What you are asked to do
The listing below contains a span that opens with the line containing "Lupita Women's Tiered" and closes with the line containing "GRADIENT STRIPE JERSEY". Return that span exactly.

Entries supplied
● ● ● ● ●

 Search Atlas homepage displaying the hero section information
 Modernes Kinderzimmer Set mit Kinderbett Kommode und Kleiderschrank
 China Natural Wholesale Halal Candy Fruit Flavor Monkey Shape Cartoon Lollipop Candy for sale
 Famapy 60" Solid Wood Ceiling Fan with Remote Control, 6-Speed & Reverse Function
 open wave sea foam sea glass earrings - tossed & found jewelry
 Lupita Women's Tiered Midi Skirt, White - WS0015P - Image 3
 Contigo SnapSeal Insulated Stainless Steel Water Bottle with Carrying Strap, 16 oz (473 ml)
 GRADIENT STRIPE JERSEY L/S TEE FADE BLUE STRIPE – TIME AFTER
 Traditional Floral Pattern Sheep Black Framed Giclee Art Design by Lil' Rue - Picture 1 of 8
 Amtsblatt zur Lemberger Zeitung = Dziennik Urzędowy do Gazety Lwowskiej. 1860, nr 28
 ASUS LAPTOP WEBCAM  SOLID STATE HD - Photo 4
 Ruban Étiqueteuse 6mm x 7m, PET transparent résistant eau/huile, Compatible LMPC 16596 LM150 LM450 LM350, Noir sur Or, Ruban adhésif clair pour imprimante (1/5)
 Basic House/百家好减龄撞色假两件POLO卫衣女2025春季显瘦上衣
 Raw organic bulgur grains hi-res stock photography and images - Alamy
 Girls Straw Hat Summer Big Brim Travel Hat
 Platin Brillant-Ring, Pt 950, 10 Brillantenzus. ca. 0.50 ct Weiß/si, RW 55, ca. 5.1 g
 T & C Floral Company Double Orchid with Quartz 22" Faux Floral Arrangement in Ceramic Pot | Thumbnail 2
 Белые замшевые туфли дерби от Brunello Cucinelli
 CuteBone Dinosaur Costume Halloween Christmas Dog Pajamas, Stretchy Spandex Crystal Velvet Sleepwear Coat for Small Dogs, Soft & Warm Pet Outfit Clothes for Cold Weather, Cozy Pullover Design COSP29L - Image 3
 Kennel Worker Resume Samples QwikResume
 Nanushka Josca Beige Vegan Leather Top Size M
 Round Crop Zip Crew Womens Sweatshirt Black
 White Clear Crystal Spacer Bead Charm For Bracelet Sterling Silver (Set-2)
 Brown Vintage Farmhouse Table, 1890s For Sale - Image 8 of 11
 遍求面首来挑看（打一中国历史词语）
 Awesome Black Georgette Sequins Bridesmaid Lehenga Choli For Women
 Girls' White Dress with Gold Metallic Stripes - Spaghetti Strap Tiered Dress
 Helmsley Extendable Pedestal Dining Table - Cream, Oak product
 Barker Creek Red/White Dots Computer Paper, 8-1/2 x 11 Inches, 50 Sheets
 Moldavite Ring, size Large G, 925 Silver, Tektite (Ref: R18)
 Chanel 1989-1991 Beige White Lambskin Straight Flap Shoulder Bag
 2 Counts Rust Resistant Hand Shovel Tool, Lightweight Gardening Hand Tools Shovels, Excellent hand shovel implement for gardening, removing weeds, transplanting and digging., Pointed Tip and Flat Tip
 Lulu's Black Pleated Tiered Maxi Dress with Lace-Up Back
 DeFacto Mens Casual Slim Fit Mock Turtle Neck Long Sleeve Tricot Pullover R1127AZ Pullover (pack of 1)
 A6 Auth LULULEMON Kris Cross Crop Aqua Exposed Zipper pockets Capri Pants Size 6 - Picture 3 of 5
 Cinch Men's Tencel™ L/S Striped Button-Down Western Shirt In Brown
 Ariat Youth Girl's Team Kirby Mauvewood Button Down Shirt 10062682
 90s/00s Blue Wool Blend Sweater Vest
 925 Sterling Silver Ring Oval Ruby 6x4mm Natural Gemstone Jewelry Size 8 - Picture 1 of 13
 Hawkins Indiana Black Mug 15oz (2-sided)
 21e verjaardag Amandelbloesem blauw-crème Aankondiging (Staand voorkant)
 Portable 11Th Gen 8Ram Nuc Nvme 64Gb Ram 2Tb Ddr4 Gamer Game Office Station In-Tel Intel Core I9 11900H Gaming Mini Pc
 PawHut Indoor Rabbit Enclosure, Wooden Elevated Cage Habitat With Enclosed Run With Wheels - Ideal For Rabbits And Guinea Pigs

● ● ● ● ●

Task output
 Lupita Women's Tiered Midi Skirt, White - WS0015P - Image 3
 Contigo SnapSeal Insulated Stainless Steel Water Bottle with Carrying Strap, 16 oz (473 ml)
 GRADIENT STRIPE JERSEY L/S TEE FADE BLUE STRIPE – TIME AFTER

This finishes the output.